### What you need to do
Every entry below should be returned exactly as it appears, with pictures left out.

(Scraped caption text data)
┄┄┄┄┄┄┄┄┄┄
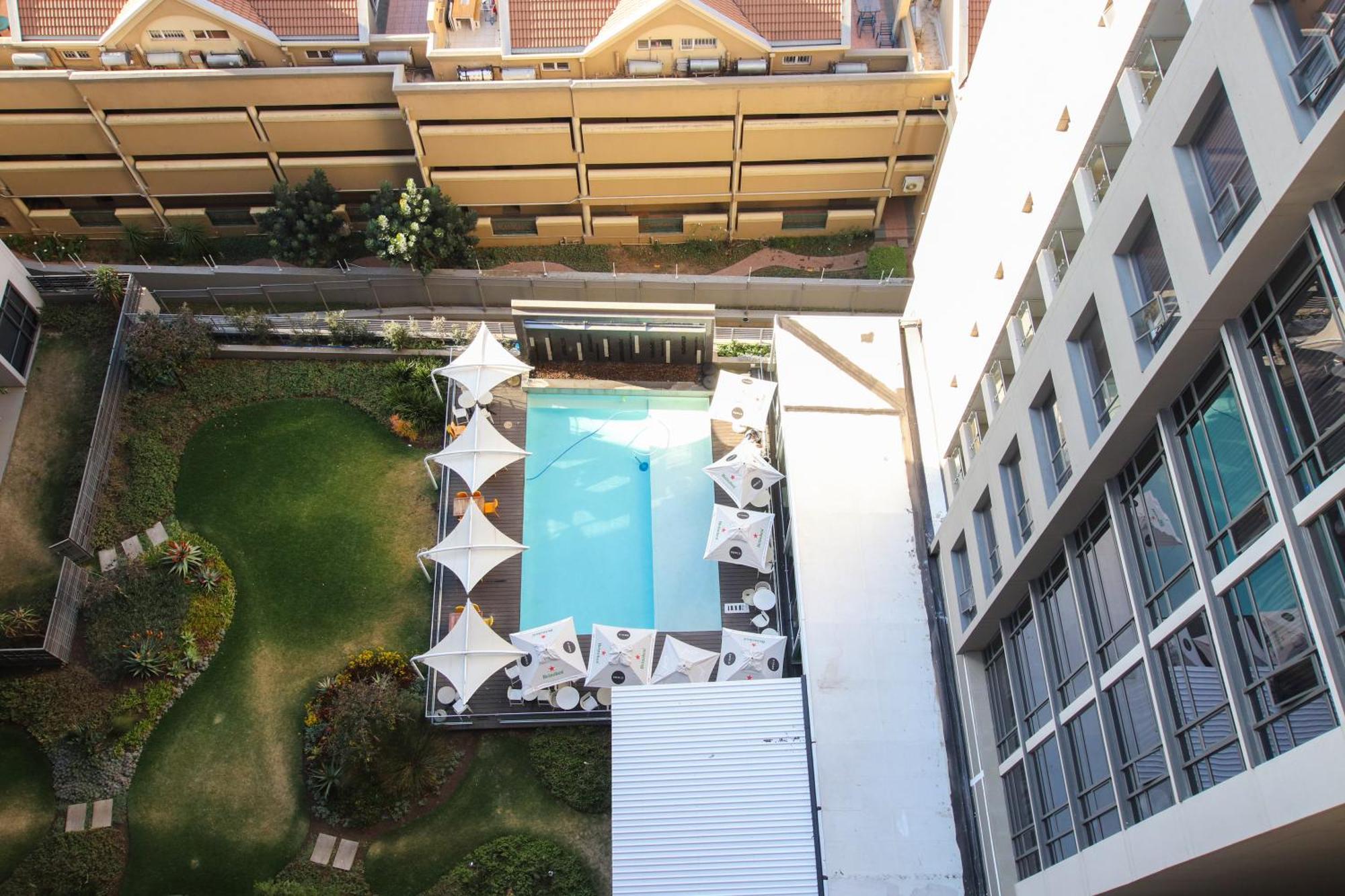 Cgrsa Apartments Sandton Johannesburg Exterior photo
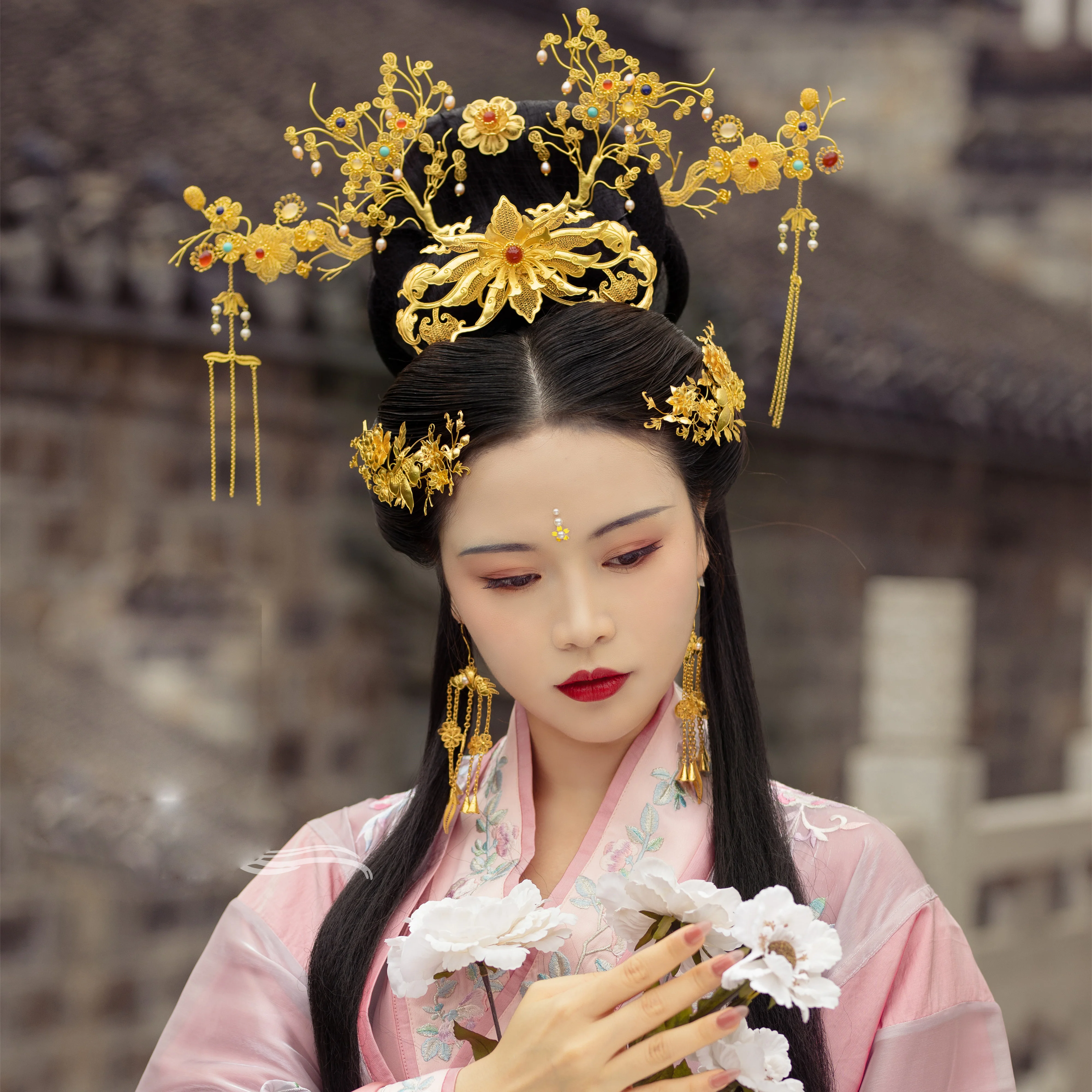 Amazon.com : Chinese Xiuhe Hair Accessories Set Long Fringed Vintage Flower  Handmade Hairpins Chinese Style Hanfu 006 : Beauty & Personal Care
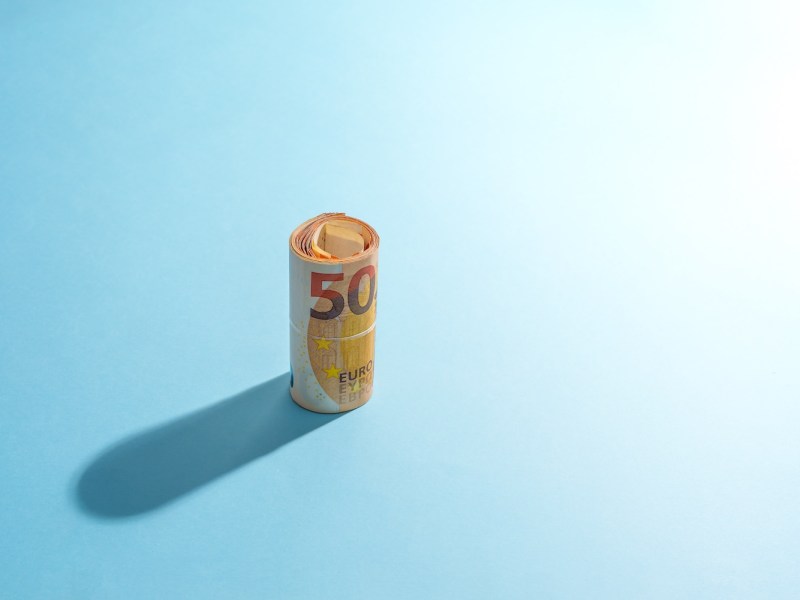 Fünfzig-Euro-Scheine auf blauem Hintergrund.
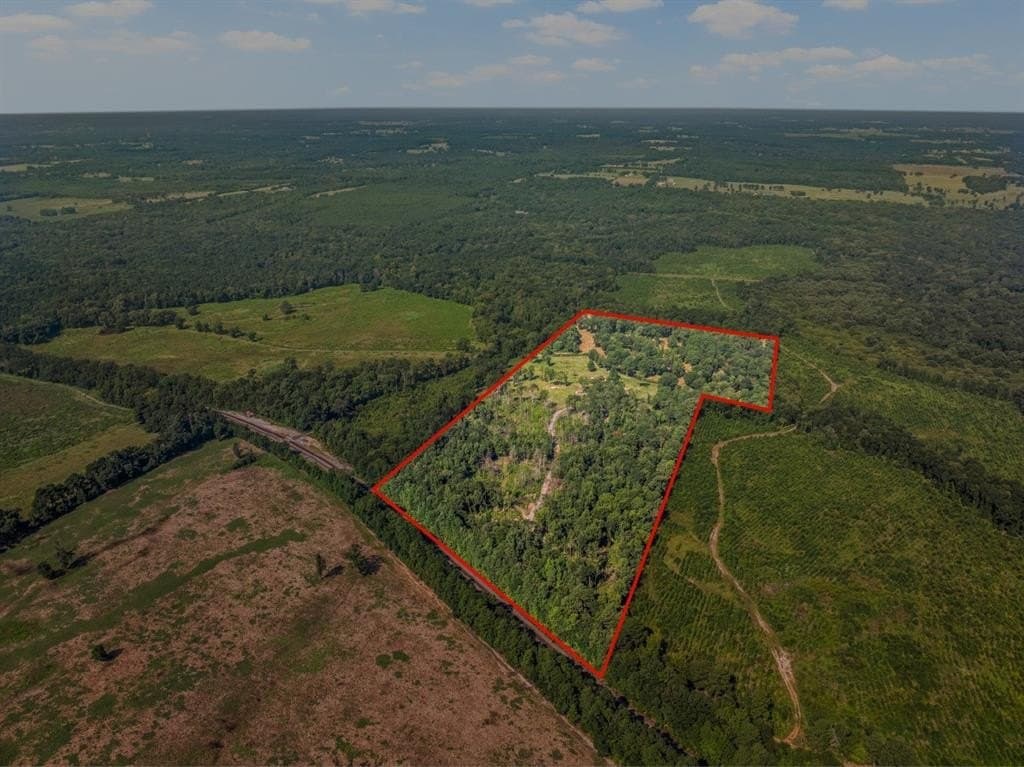 48.71 acres in Upshur County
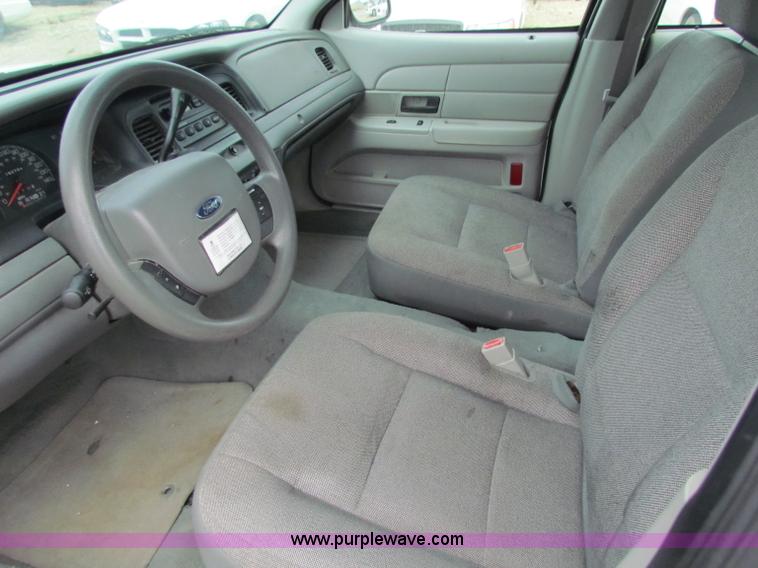 image for item G4143 2005 Ford Crown Victoria Police Interceptor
┄┄┄┄┄┄┄┄┄┄
### Solution to the problem
 Cgrsa Apartments Sandton Johannesburg Exterior photo
 Amazon.com : Chinese Xiuhe Hair Accessories Set Long Fringed Vintage Flower  Handmade Hairpins Chinese Style Hanfu 006 : Beauty & Personal Care
 Fünfzig-Euro-Scheine auf blauem Hintergrund.
 48.71 acres in Upshur County
 image for item G4143 2005 Ford Crown Victoria Police Interceptor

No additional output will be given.